# Solved: Playing musicmatch licensed songs in windows media player 11?



## mpompu (Apr 18, 2007)

I just downloaded windows media player 11 today. My computer uses Windows XP professional.
When I try to play songs that I got through musicmatch (now yahoo! music jukebox) it says:
license acquisition failed! unspecified error!

i can play the songs fine in the Yahoo! music jukebox player.

I could play them o.k. in the old WMP because musicmatch was one of the online stores. musicmatch is no longer one of the online stores in the new WMP 11.

Any suggestions on how to play the musicmatch songs in WMP 11? I like to use WMP 11 to listen to songs and sync them to my iRiver.

Thanks,
Mike


----------



## ~Candy~ (Jan 27, 2001)

Hi and welcome.

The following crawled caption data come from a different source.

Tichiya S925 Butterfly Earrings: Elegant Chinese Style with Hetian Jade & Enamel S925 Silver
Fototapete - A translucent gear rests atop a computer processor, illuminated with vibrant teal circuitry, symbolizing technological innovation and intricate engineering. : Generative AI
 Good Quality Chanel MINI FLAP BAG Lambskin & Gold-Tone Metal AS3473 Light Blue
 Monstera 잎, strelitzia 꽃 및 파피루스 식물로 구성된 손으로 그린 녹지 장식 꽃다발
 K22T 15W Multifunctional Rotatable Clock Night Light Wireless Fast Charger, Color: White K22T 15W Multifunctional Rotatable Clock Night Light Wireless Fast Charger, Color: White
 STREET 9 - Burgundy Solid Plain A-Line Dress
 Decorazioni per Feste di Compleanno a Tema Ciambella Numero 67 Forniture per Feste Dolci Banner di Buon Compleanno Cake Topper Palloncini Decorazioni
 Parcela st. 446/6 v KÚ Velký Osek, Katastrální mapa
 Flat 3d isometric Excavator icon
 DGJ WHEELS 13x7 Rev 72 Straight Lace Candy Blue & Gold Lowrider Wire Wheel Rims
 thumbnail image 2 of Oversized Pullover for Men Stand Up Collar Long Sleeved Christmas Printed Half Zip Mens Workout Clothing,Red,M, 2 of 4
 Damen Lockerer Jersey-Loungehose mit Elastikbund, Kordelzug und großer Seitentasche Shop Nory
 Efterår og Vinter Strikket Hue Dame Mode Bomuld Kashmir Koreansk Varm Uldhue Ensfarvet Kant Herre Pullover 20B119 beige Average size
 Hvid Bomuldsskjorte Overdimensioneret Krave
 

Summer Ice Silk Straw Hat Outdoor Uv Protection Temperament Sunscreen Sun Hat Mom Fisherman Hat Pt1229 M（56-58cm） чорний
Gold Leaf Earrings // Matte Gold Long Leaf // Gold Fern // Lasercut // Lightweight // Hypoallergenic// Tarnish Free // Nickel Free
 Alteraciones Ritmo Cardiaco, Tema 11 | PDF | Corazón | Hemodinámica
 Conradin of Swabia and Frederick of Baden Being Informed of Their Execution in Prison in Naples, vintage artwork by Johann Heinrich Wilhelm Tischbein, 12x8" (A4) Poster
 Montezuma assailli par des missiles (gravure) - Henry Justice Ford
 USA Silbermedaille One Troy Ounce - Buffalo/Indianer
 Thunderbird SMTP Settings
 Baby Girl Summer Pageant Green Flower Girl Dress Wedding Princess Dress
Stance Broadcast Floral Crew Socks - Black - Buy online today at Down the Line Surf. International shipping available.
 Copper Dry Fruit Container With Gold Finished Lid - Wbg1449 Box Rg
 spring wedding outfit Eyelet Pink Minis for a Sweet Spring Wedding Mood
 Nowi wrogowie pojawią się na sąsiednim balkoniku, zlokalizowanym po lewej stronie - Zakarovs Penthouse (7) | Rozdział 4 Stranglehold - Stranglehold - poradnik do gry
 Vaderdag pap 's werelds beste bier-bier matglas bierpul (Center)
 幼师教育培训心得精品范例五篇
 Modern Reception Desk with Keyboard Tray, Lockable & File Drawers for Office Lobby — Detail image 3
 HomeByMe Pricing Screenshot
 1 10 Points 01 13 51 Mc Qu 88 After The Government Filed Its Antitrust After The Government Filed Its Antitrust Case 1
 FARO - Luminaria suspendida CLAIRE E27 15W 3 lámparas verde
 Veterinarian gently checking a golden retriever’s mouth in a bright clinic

I would go back and edit my post if I were you....posting your email will only increase your spam.


----------



## mpompu (Apr 18, 2007)

AHA! I fixed it!
When I had my old windows media player (WMP 10) I had installed "musicmatch for windows media player" I saw that when I did control panel -> add/remove programs.

So today I 

1) went to control panel->add/remove programs
2) DELETED "musicmatch for windows media player" (with change/remove)
3) NOW I CAN play the musicmatch content I purchased in WMP 11

So a BKM (best knownmethod) is that if you are upgrading to the new WMP 11 and cannot play songs you bought in musicmatch/yahoo! music jukebox you may need to delete "musicmatch for windows media player" if you have that installed. Nothing else fixes it.

Thanks,
Mike


----------



## ~Candy~ (Jan 27, 2001)

Thanks for the follow up. You can mark the thread solved using the THREAD TOOLS drop down menu


----------